INTRODUCTION

Female physicians consistently report higher rates of burnout and lower satisfaction than male physicians, but the etiology is unclear.1 Studies conflict regarding the overlap between burnout and depression and to what degree work/home conflicts contribute to burnout differences. We sought to explore gender variations in burnout and health in a large academic family medicine department.

METHODS

We conducted three annual department-wide assessments (2017, 2018, 2019) to assess burnout, stress, and satisfaction using anonymous and voluntary Qualtrics surveys distributed via email. The study was deemed exempt by the University of Michigan Institutional Review Board.

Surveys included years since residency, gender, self-reported minority status, the Mini-Z burnout scale;2 questions from the Physician Wellness Inventory;3 four questions about work-home balance from the Physician Worklife Survey;4 and single-item measures of mental and physical health (e.g., “In thinking about my health, I would say my health is…very good, good, fair, or poor”).

As the 2017 survey showed striking differences by gender, in 2018, we added exploratory questions (5-point Likert scale from agree strongly to disagree strongly) asking, “How much do you think the following factors [9 listed] contribute to more burnout for women, compared to men?” In both 2018 and 2019, we queried the presence of a partner at home, partner work status, and children under 6.

Analyses used Stata/IC 13.1 (College Station, TX) and included summary statistics plus bivariate analysis with Fisher’s exact test for cell sizes < 5 and Chi-squared for larger cell sizes.

RESULTS

Of eligible faculty, 77 of 84 (92%) completed the survey in 2017, 91 of 96 (95%) in 2018, and 81 of 105 (77%) in 2019. Variables had up to 9% missing data in 2017, 8% in 2018, and 3% in 2019. In 2019, 51 respondents (64%) identified as women. Women were more likely to have completed residency within 10 years (n = 24 women, 47% versus n = 6 men, 21%; p = 0.019). One-fifth of faculty (n = 16, 20%) identified as an under-represented minority.

Women were more likely to report burnout in 2017 (52% women versus 24% men, p = 0.022), 2018 (38% versus 15%, p = 0.043), and 2019 (34% versus 31%, p = 0.787). Female faculty (n = 38, 83%) were more likely than men (n = 9, 38%, p < 0.0005) to have a partner working full-time versus part-time or not at all and to have young children at home (n = 21 women, 41% versus n = 4 men, 14%; p = 0.013). Neither partner work status nor children were associated with burnout. In all years, men were significantly more likely to report “good” or “very good” physical and mental health (Table 1). Women had worse scores on all work-life balance questions (not statistically significant). Faculty perceptions on factors contributing to female burnout varied by gender (Fig. 1).

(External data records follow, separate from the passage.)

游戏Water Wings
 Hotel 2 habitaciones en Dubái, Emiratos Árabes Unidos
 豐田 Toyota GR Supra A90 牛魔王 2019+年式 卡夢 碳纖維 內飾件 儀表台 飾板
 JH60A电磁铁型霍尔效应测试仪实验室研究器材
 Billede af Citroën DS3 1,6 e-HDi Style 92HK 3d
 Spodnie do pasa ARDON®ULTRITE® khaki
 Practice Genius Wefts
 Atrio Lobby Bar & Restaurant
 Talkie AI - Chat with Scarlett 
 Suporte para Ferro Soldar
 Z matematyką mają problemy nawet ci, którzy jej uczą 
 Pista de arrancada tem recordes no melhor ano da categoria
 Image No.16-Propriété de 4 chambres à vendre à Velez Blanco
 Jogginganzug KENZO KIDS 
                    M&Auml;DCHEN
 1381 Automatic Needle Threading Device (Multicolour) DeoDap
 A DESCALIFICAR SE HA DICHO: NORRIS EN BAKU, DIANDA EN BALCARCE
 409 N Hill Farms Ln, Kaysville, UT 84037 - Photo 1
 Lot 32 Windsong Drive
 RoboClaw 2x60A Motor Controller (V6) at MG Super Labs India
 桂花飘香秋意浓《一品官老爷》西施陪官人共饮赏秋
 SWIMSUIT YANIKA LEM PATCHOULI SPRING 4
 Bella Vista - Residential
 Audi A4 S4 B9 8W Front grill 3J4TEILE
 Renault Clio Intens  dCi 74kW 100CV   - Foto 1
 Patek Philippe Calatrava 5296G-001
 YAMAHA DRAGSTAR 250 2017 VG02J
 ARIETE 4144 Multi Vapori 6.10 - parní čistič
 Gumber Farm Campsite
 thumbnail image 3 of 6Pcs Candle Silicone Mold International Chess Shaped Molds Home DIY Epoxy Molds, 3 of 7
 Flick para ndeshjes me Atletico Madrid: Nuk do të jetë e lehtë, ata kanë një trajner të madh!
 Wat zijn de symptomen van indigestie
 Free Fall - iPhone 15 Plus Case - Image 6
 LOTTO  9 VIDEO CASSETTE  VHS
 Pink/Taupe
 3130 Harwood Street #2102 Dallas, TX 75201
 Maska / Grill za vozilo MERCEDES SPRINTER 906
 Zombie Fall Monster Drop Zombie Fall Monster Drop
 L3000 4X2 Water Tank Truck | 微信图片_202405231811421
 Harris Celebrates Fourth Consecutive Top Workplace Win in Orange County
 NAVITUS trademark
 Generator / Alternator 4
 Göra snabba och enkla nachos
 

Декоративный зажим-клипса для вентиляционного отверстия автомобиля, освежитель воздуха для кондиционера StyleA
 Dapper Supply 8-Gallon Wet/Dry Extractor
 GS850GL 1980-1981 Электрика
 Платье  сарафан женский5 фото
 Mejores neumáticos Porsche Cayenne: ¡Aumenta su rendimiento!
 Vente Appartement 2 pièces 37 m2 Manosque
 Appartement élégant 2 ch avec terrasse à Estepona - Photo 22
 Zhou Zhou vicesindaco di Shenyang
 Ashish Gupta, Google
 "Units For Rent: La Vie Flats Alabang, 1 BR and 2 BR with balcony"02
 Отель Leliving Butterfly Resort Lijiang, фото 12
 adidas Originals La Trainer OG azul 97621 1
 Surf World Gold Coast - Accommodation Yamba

Table 1 Health-Related Measures: Those Reporting as “Very Good” or “Good”
Figure 1
figure 1

Perceptions of contributors to burnout among female physicians, by gender.

DISCUSSION

This study identifies different family structures and self-rated health among physicians by gender. Balancing home and work lives may influence, but does not fully explain, increased burnout among women.5 Our findings of higher burnout and worse mental health among female physicians mirror those of other research.1

While men and women both agreed female physicians have more home responsibilities, they disagreed on other burnout contributors among women physicians. Prior studies show older age, good mental health, more children, and low home stress predict greater work satisfaction for women.6 As women are more likely to have a partner working full-time, they face greater need for work flexibility and may have different priorities and strategies to mitigate job stress. Increased worry about work after hours could be addressed through institutional changes (more protected work time for administrative duties, fewer demands outside of work hours, and colleague coverage of duties) and personal skills training in setting boundaries.

The exploratory nature of our cause-of-burnout questions is a limitation. Our study focused on a single department. Respondents included more women and minority faculty than the family physician workforce nationally, likely reflecting recent department growth and hiring of recent residency graduates and very few faculty resignations or retirements in this time. Strengths include a relatively a high response rate.

Strategies to mitigate burnout should recognize that burnout phenotypes and effective interventions may differ by gender. Given human and economic risks of burnout in healthcare, we must identify the most stressful aspects of physician work, understand how these vary for men and women, and design interventions which better respond to individual needs.